INSTRUCTIONS TO FOLLOW:
The result should be all the records, exact and complete, without a single picture.

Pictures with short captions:

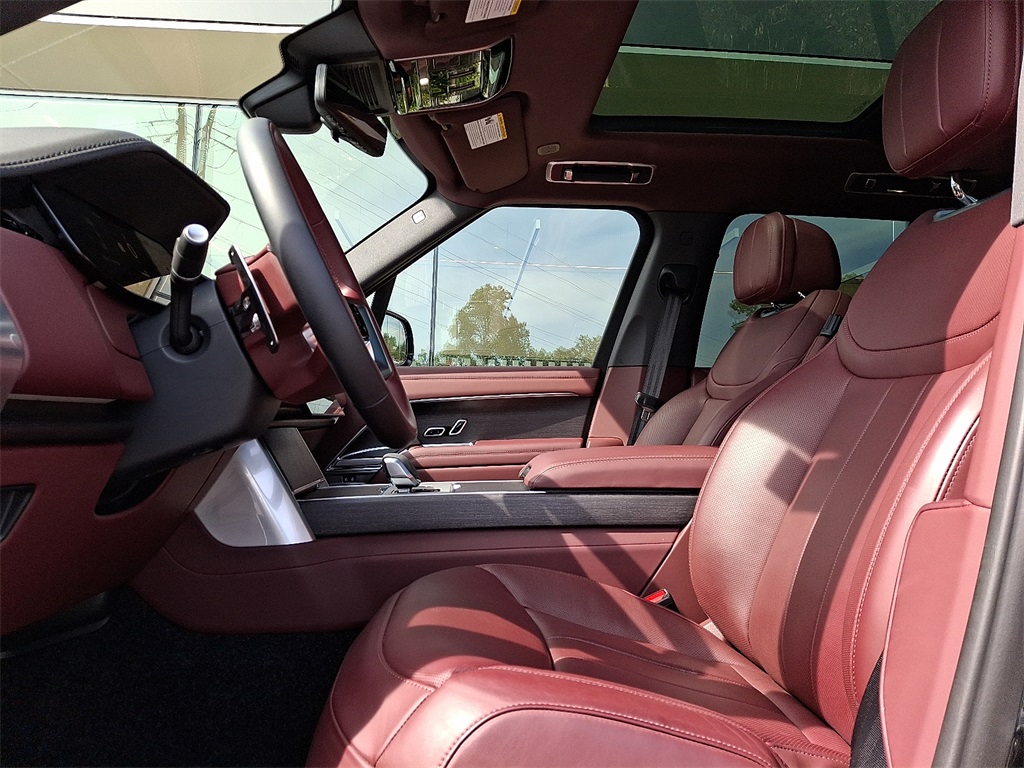 2025 Land Rover Range Rover SE photo 10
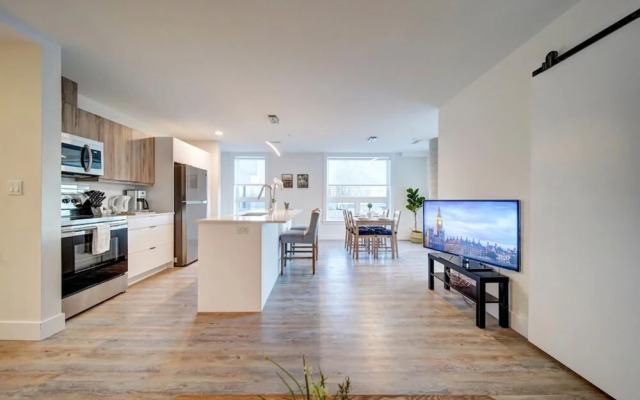 Stylish Modern Condo w Parking Location Coffee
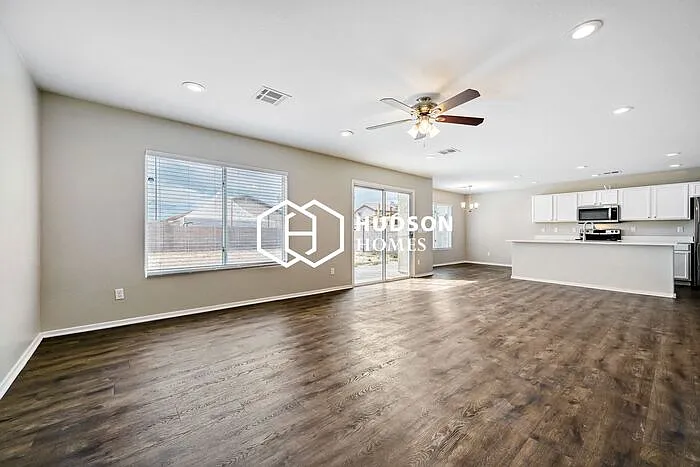 5638 S 10th Dr — Photo 7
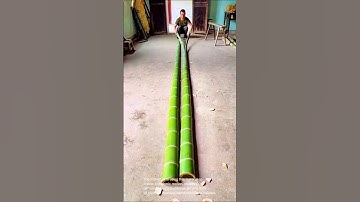 The process of splitting bamboo in the middle
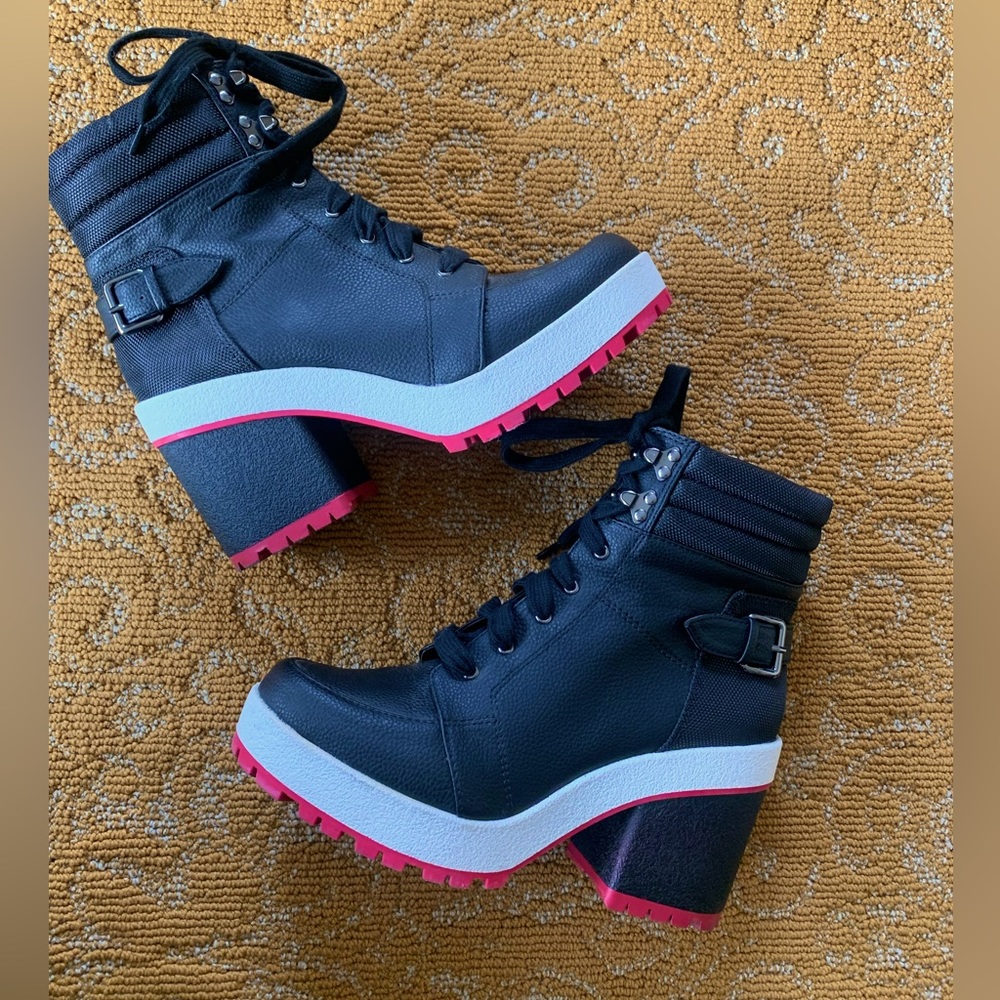 High heel boots 🖤🤍❤️ size 9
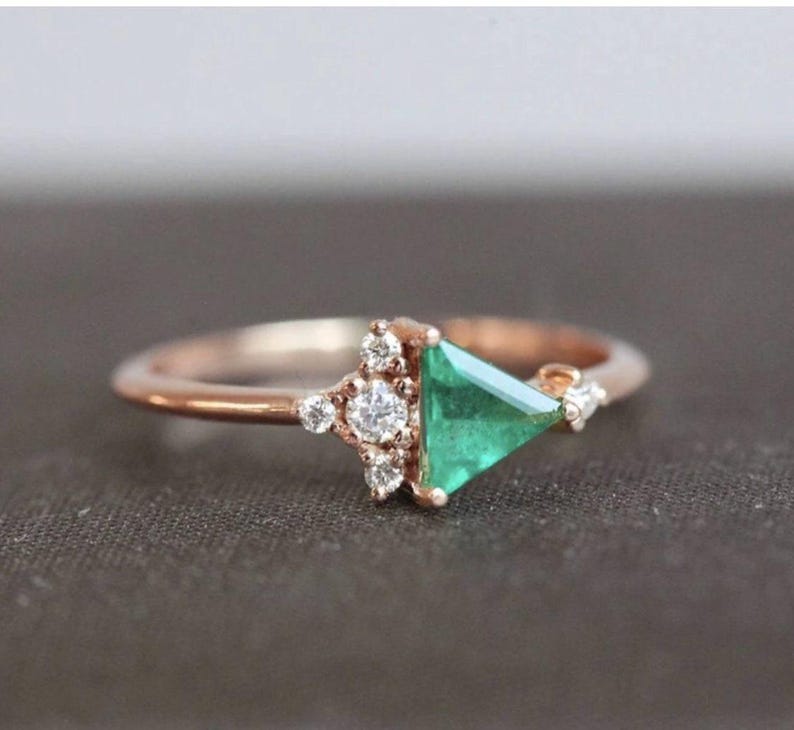 Emerald diamanten ring geelgoud, mini diamantclusterring met smaragd driehoek, unieke verlovingsring afbeelding 8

TASK RESULT:
 2025 Land Rover Range Rover SE photo 10
 Stylish Modern Condo w Parking Location Coffee
 5638 S 10th Dr — Photo 7
 The process of splitting bamboo in the middle
 High heel boots 🖤🤍❤️ size 9
 Emerald diamanten ring geelgoud, mini diamantclusterring met smaragd driehoek, unieke verlovingsring afbeelding 8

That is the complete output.